Mastering motor control: implementation in C++

转载:https://www.embedded.com/mastering-motor-control-implementation-in-c/

Over three decades ago, real-time software was predominantly written in assembly language or a combination of assembly and the C programming language. Even today, certain digital signal processing (DSP) routines are crafted in assembly language and distributed by MCU/DSP manufacturers. This is especially the case when dealing with a specific coprocessor for which compilers are not optimized. Such compilers may not understand the coprocessor’s architecture or how to leverage its advantages, such as efficient memory access, register allocation, execution of specialized instructions, and pipelining to perform multiple instructions in parallel. DSP processors employ these techniques to efficiently execute a series of signal processing operations. A prime example is Finite Impulse Response (FIR) filter. FIR filter code written in assembly language can be up to 20 times faster than a C implementation. However, this is only true for specific coprocessors. Compilers and optimizers for standard MCUs/DSPs are already so efficient that assembly language programming does not significantly outperform the code generated by the compiler. Today, the majority of real-time applications are written in the C programming language.

Programming in C++

C++, especially modern C++ (C++11 and later), incorporates enhanced standard libraries with excellent functions and algorithms, reducing the need for additional third-party libraries. It includes features like Move Semantics and smart pointers like std::unique_ptr, which help reduce the risk of memory leaks. Other features like Type Inference (auto), Range-Based for Loops, a friendlier syntax, excellent performance, a strong ecosystem, and a vibrant community make modern C++ a compelling choice for implementing real-time software.

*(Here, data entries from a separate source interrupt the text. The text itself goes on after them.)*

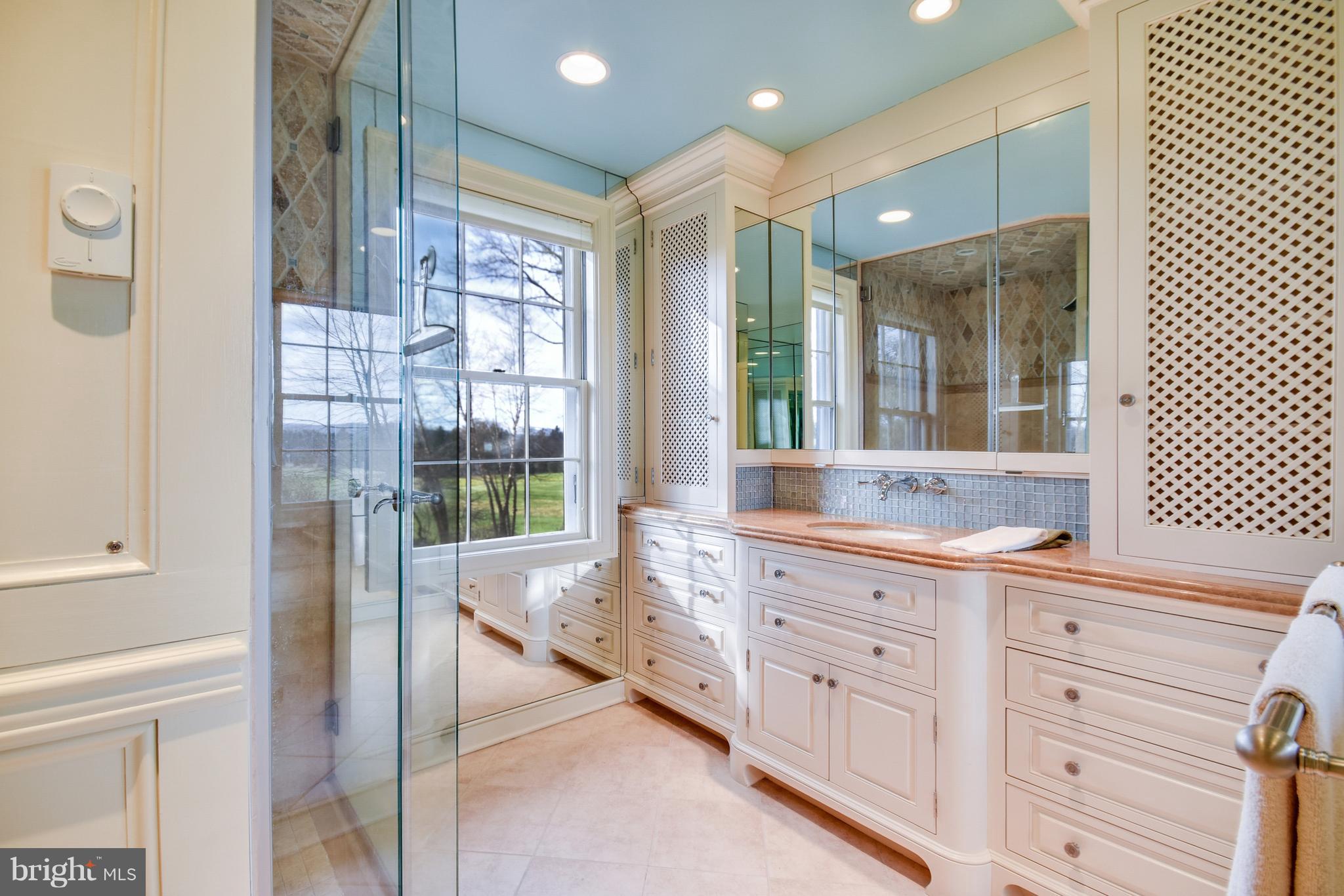 SAUCON VALLEY GARDEN - Residential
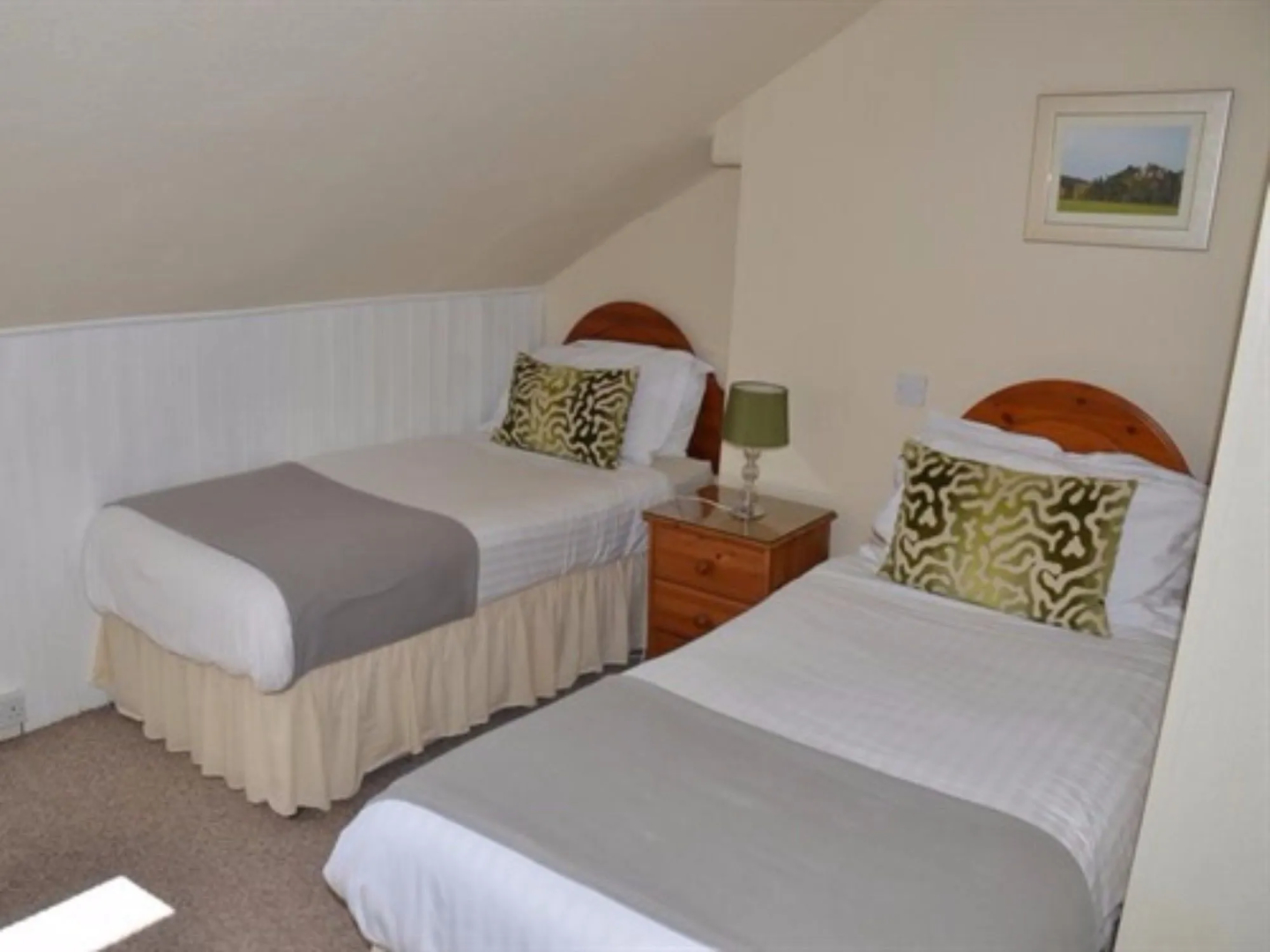 Lowdens Guest House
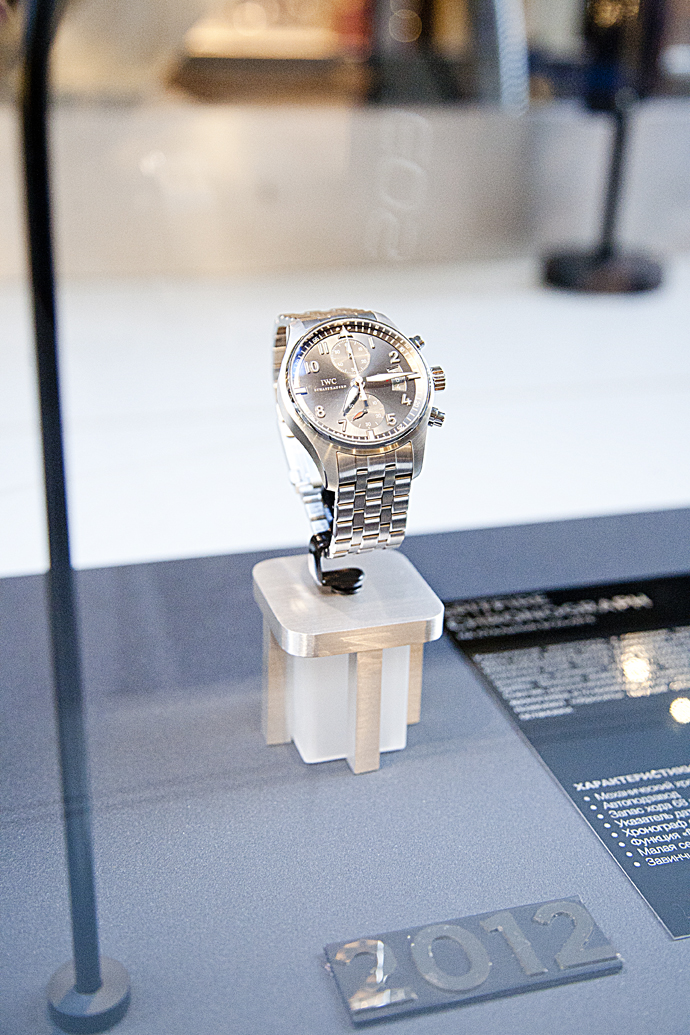 Выставка IWC Pilot's Watches в ГУМе (фото 1)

Despite the numerous advantages mentioned above, there are some issues or challenges that may arise. Here, I aim to highlight these issues and provide guidance on how to address them.

 

One aspect I would like to emphasize is the use of the ‘new’ and ‘delete’ operators, which involve dynamic memory allocation and deallocation. I’ve already discussed this in the previous article, so I’ll only list issues that haven’t been mentioned thus far:

  1. Exception Handling: The use of exceptions in C++ can lead to non-deterministic behaviours in embedded real time When an exception occurs, the program needs to “unwind the stack,” which involves gathering data needed for function calls and finding the appropriate “catch” block to execute. For this purpose, the program utilizes “unwind tables” created by the compiler. This entire process consumes processor time and is non-deterministic. Hence, it is recommended to use exceptions sparingly or minimally.
  2. Increased Memory Consumption: C++ applications often require more memory than those written in C. If the platform has severely limited memory resources, C may be more suitable than C++. However, we are witnessing constant increases in the resources and performance of modern platforms.
  3. Complexity of C++: Some C++ programmers utilize complex algorithms to solve problems that could sometimes be resolved with just a few lines of traditional C code. Consequently, code readability for other developers may become problematic. These issues can be addressed through the use of coding guidelines and thorough code reviews.
  4. Garbage Collection (e.g., C++’s std::shared_ptr and std::weak_ptr): The use of shared and weak pointers can introduce unpredictable delays. It is recommended to employ deterministic memory allocation strategies, such as std::unique_ptr, which provides automatic memory management without the reference counting overhead associated with std::shared_ptr. It represents exclusive ownership of a dynamically allocated object and ensures that the object is deleted when it is no longer needed, typically when the std::unique_ptr goes out of scope.
  5. Heavy Use of Standard I/O: Input and output operations can be unpredictable in real-time systems. It is advisable to minimize the use of standard I/O functions in critical sections of your code.
  6. Non-Deterministic Timing and Context Switching Overheads of Modern C++: Features like ‘std::thread’, ‘std::mutexes’, and other synchronization primitives like ‘std::unique_lock’, ‘std::lock_guard’, ‘std::semaphore’ etc. of modern C++ are not inherently designed for real-time determinism. While technically possible, using C++ threading features in a real-time application with an RTOS requires careful planning, testing, and consideration to meet real-time requirements. In many real-time scenarios, it may be more practical and reliable to use the native task management and synchronization mechanisms provided by the RTOS, designed specifically for real-time constraints.
  7. Virtual Functions and Polymorphism: Dynamic dispatch through virtual functions can introduce performance overhead. Minimize the use of virtual functions or use them judiciously.
  8. Complex Template Metaprogramming: Keep template usage simple and well-understood.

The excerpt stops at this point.